Romans and maps and such

  1. In the movie Gladiator and I Claudius there are scenes where the emperors are looking over maps. But from what I’ve seen even the best of maps and charts are all but useless. Are there any written references or proofs on rulers or generals using maps in this way? It’s hard to imagine how it’s possible to rule such a large empire without fairly accurate maps. And the people before them. Supposedly they had even worse maps. How did the Persians or Assyrians manage? I’m thinking perhaps maps really are one of those paradigm shifting inventions that fundamentally changes the whole way we think about the world.

  2. In I Claudius there is a scene where Augustus plays some kind of Risk type board with some younger boys. Did they have such games?

There’s quite a useful selection of ancient maps (or copies/reproductions of them)here several of them are from the Roman era. They are fairly recognisable, more so towards the centre.

Also, ancient maps didn’t nessesarily follow the modern convention of looking like the land from high up in a balloon. Somtimes it was a line representing a road showing points along it of interest or importance and the travel distance. Sort of looked like a timeline. You’d see several lines radiating out from the town center and it was not to scale. But it did the job.
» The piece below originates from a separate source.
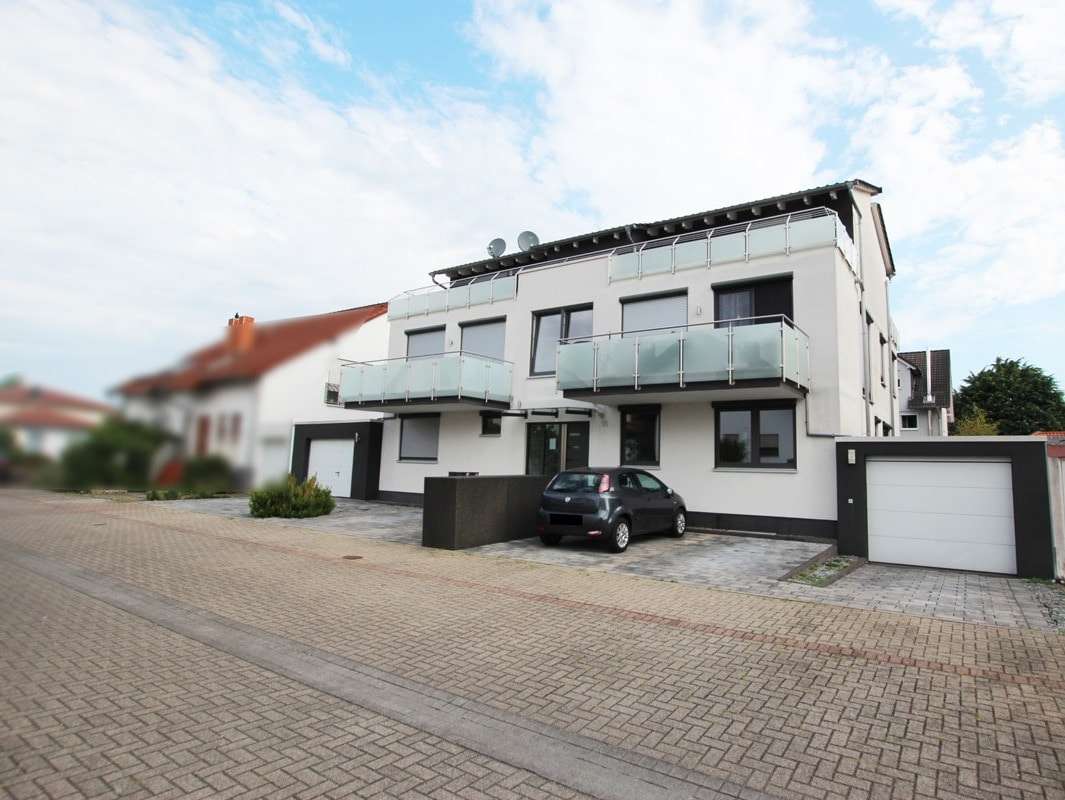 Straßenansicht von rechts Straßenansicht von rechts - Maisonette-Wohnung in 76689 Karlsdorf-Neuthard mit 73m² kaufen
Spartacus has a big map of Italy at the end. It’s clearly there for the audience’s benefit, so they can understand what’s going on. It also looks too accurate to me. All really old maps I’ve seen, even if accurate over small areas, inevitably look distorted overall to modern eyes.

Worst offender: Atlantis, the Lost Continent, which features an amazingly accurate map of Europe by an ancient Greek fisherman who couldn’t possibly have that much knowledge.

You thought this upstaged the inclusion of a spurious mythical continent?

No, but its map was easily the most modern, detailed, and unlikely one in a movie about the ancient world.

I loved this flick as a kid, and there are so many great images and moments from it, but it’s profoundly silly and its plot makes no sense , and the “continent” is pretty damned small – more of an island (which is what Socrates was really describing in the two Plato dialogues). There’s an excellent skewering at the “And Yopu Call Yourself a Scientist” site.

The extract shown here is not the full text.